DATA UNDER STUDY Start Marker
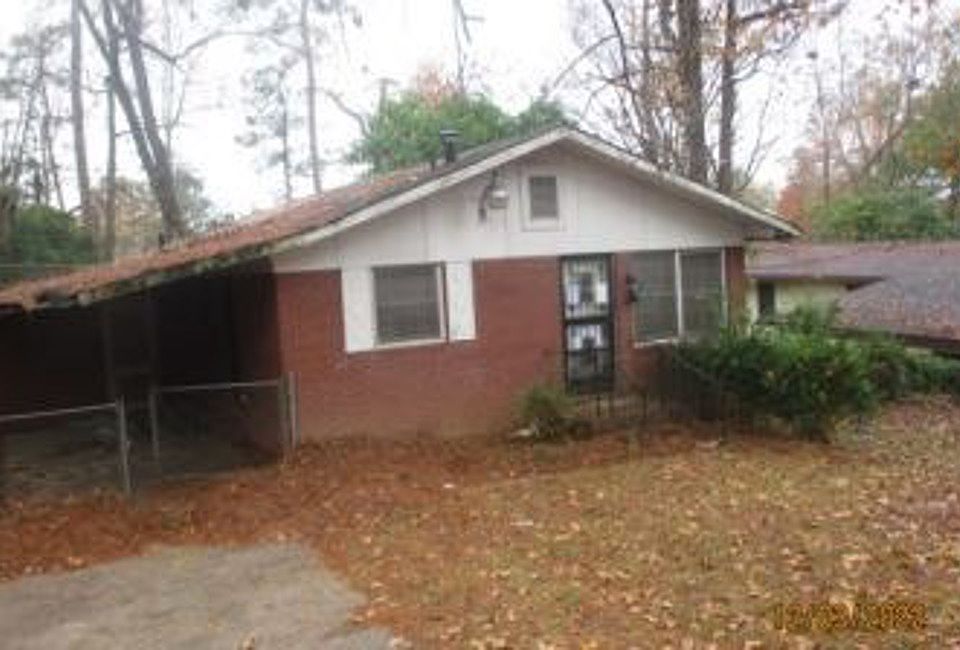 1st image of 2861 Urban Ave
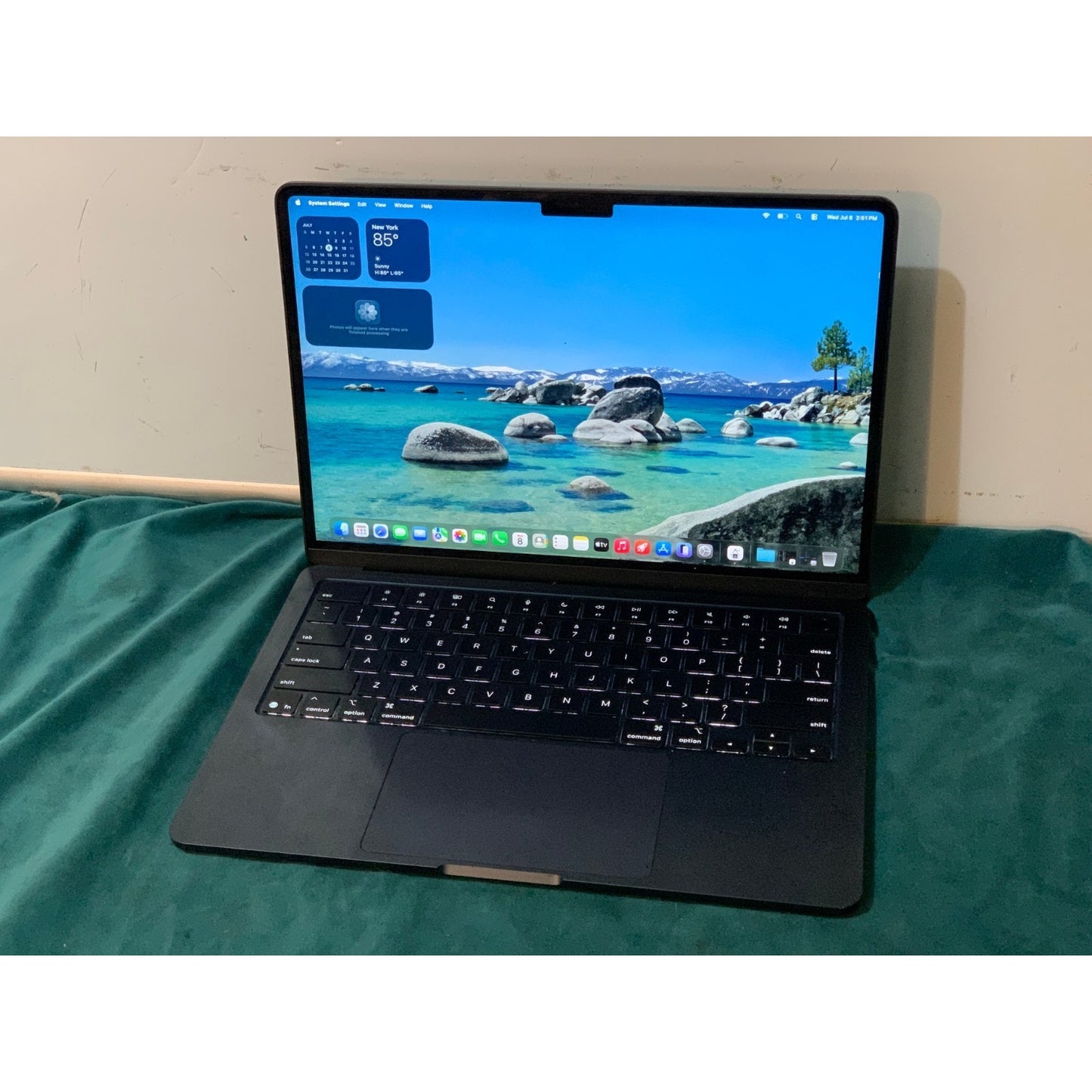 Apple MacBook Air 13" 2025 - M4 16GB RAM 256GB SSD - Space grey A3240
DATA UNDER STUDY End Marker
DATA UNDER STUDY Start Marker
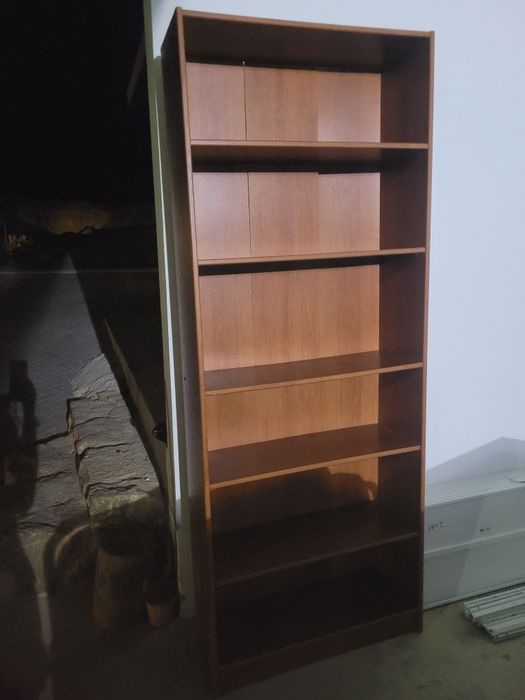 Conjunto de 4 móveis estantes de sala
DATA UNDER STUDY End Marker
DATA UNDER STUDY Start Marker
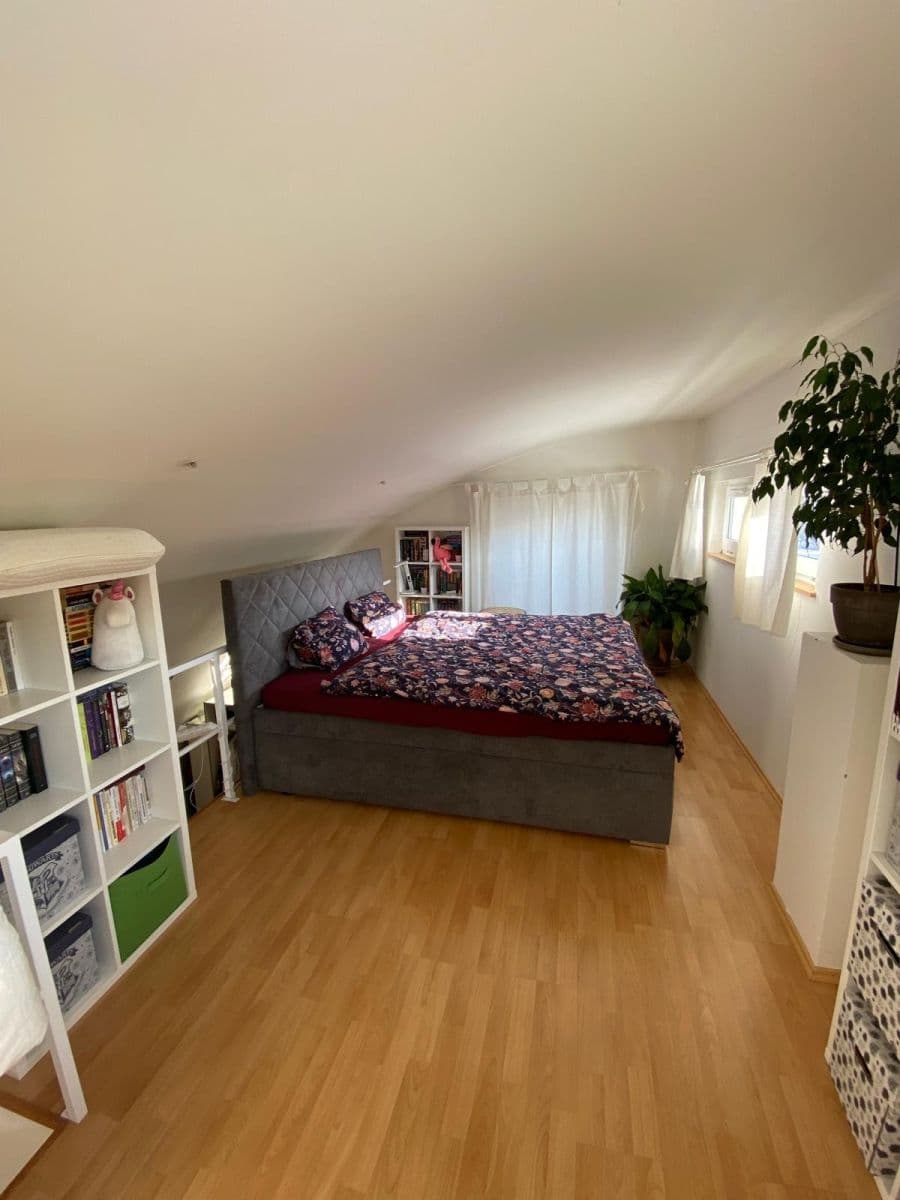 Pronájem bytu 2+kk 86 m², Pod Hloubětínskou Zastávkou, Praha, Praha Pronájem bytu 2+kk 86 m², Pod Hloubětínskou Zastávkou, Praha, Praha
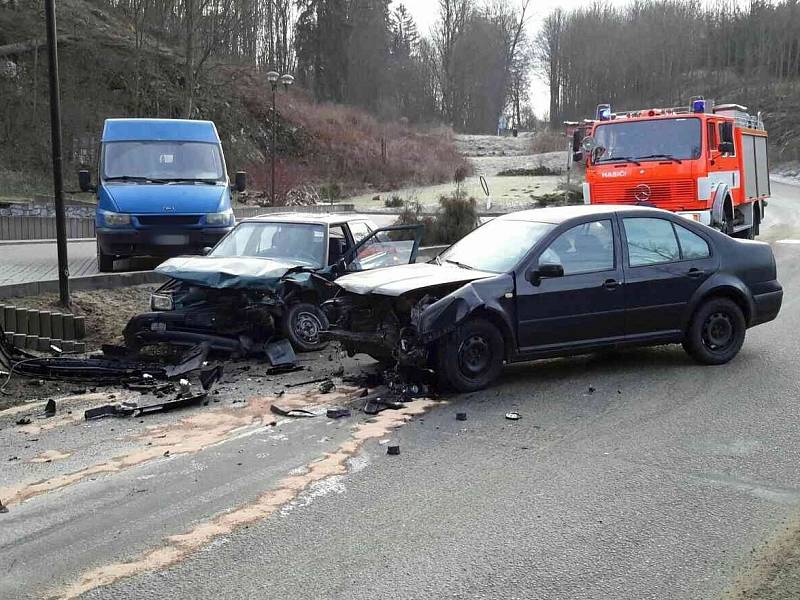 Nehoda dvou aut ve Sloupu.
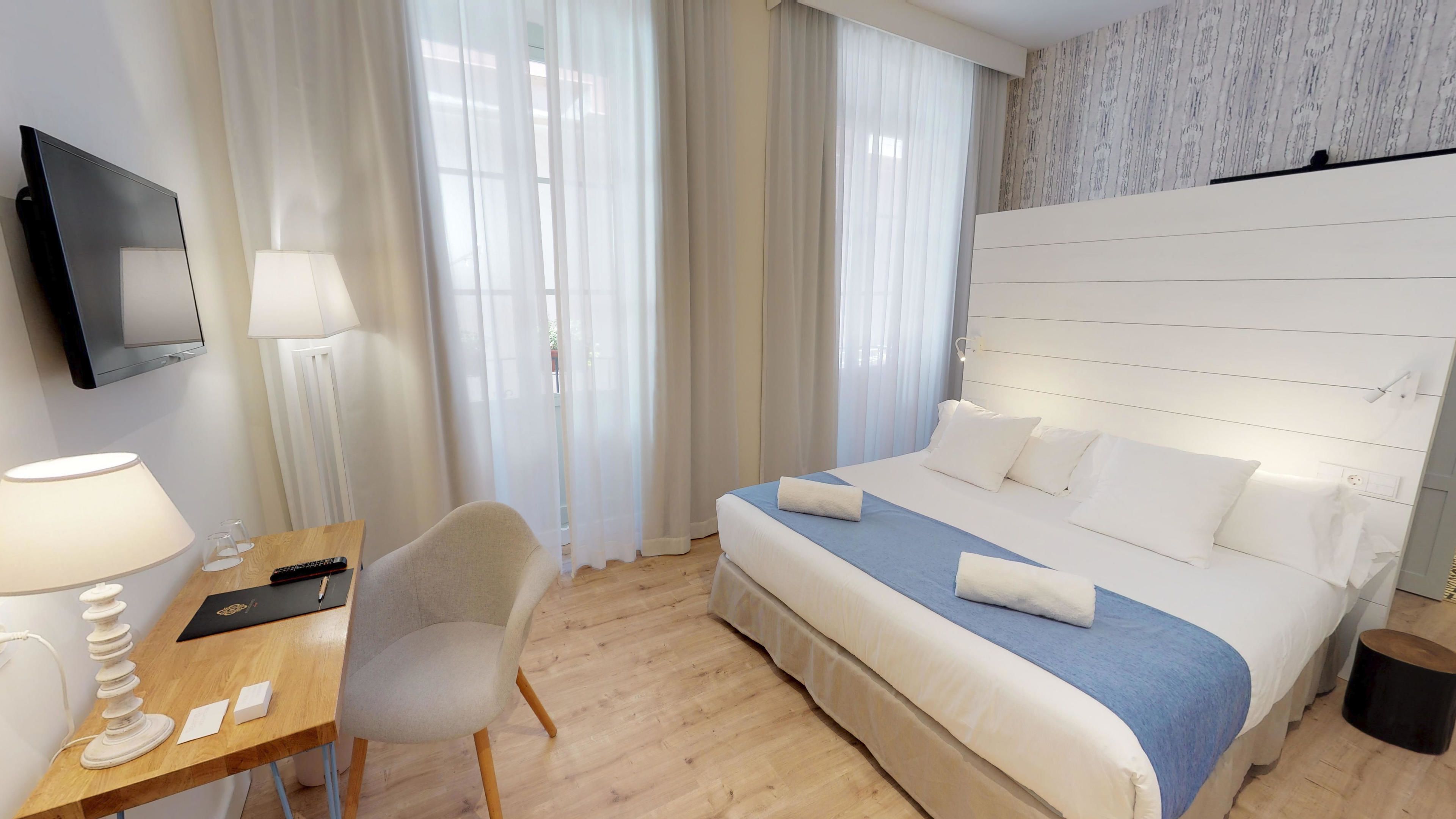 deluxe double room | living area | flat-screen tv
DATA UNDER STUDY End Marker
Repeat exactly the lines above, beginning at the one containing "Nehoda dvou aut ve Sloupu." and ending at the one containing "deluxe double room". Do not carry over any pictures.

* **SOLUTION TO THIS PROBLEM**
 Nehoda dvou aut ve Sloupu.
 deluxe double room | living area | flat-screen tv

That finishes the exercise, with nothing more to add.